Source records
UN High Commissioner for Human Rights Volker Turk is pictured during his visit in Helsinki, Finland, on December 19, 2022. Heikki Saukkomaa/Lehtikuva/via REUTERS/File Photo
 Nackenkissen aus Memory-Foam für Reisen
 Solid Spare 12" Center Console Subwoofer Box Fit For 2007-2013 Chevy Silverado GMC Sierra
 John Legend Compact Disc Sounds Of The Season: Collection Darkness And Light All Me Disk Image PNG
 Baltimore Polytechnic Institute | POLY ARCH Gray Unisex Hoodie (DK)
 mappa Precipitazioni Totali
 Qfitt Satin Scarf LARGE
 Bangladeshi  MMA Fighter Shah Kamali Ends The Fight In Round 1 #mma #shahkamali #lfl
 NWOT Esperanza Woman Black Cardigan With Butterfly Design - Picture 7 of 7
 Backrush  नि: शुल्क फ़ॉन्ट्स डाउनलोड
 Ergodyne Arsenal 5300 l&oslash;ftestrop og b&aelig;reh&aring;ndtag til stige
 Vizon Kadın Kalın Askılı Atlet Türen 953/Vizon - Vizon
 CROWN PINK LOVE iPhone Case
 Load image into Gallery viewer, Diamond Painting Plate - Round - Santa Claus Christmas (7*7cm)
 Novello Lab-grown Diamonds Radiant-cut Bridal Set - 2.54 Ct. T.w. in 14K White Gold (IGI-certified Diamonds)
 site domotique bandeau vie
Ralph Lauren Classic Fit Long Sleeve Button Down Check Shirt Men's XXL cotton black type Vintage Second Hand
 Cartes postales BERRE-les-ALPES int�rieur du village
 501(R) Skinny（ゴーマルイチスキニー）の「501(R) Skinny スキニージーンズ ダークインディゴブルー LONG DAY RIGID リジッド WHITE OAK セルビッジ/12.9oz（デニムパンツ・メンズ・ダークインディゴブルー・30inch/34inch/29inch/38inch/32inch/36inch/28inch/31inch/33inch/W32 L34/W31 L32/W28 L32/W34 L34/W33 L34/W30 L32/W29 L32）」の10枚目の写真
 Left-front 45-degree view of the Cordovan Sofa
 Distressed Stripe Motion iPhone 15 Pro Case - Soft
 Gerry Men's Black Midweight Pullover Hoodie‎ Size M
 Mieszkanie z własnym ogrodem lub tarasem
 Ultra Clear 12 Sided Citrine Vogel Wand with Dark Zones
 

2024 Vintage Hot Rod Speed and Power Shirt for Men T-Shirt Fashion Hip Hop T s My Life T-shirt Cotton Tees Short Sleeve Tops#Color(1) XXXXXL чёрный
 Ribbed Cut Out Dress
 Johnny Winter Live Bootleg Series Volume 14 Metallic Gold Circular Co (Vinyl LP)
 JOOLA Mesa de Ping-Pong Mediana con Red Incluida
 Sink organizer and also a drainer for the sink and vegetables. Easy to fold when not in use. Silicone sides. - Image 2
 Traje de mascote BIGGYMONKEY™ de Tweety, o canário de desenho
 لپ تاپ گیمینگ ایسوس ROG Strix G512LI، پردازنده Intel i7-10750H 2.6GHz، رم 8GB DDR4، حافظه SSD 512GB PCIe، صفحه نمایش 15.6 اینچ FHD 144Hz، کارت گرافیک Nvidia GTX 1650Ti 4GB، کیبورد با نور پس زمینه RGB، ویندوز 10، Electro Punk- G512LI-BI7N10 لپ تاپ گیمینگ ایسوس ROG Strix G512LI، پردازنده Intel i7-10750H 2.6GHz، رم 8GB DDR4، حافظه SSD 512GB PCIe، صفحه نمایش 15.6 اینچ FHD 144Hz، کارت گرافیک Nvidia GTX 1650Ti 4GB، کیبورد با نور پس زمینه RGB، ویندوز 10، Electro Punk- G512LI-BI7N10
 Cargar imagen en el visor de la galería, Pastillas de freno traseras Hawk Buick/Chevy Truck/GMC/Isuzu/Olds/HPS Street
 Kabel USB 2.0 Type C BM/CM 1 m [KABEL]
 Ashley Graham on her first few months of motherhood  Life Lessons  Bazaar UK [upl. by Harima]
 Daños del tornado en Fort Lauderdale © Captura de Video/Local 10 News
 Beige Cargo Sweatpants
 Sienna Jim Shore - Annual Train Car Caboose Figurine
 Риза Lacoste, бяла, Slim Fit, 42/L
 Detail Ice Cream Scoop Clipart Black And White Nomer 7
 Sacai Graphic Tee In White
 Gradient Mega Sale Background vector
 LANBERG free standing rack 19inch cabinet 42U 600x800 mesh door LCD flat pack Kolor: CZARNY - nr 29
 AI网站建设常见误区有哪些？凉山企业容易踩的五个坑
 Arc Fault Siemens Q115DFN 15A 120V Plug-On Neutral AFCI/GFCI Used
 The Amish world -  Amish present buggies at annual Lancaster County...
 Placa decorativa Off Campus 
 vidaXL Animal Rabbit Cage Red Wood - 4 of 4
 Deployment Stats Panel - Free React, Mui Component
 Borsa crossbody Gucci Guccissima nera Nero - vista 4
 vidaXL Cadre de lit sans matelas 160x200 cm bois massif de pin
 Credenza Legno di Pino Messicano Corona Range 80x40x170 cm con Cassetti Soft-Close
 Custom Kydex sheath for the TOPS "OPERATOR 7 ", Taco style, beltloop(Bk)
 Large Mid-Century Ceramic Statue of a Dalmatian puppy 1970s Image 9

Aim of the exercise -
Emit verbatim the lines running from the one with "Detail Ice Cream" through the last line of the data, both endpoints inclusive.

Result below -
 Detail Ice Cream Scoop Clipart Black And White Nomer 7
 Sacai Graphic Tee In White
 Gradient Mega Sale Background vector
 LANBERG free standing rack 19inch cabinet 42U 600x800 mesh door LCD flat pack Kolor: CZARNY - nr 29
 AI网站建设常见误区有哪些？凉山企业容易踩的五个坑
 Arc Fault Siemens Q115DFN 15A 120V Plug-On Neutral AFCI/GFCI Used
 The Amish world -  Amish present buggies at annual Lancaster County...
 Placa decorativa Off Campus 
 vidaXL Animal Rabbit Cage Red Wood - 4 of 4
 Deployment Stats Panel - Free React, Mui Component
 Borsa crossbody Gucci Guccissima nera Nero - vista 4
 vidaXL Cadre de lit sans matelas 160x200 cm bois massif de pin
 Credenza Legno di Pino Messicano Corona Range 80x40x170 cm con Cassetti Soft-Close
 Custom Kydex sheath for the TOPS "OPERATOR 7 ", Taco style, beltloop(Bk)
 Large Mid-Century Ceramic Statue of a Dalmatian puppy 1970s Image 9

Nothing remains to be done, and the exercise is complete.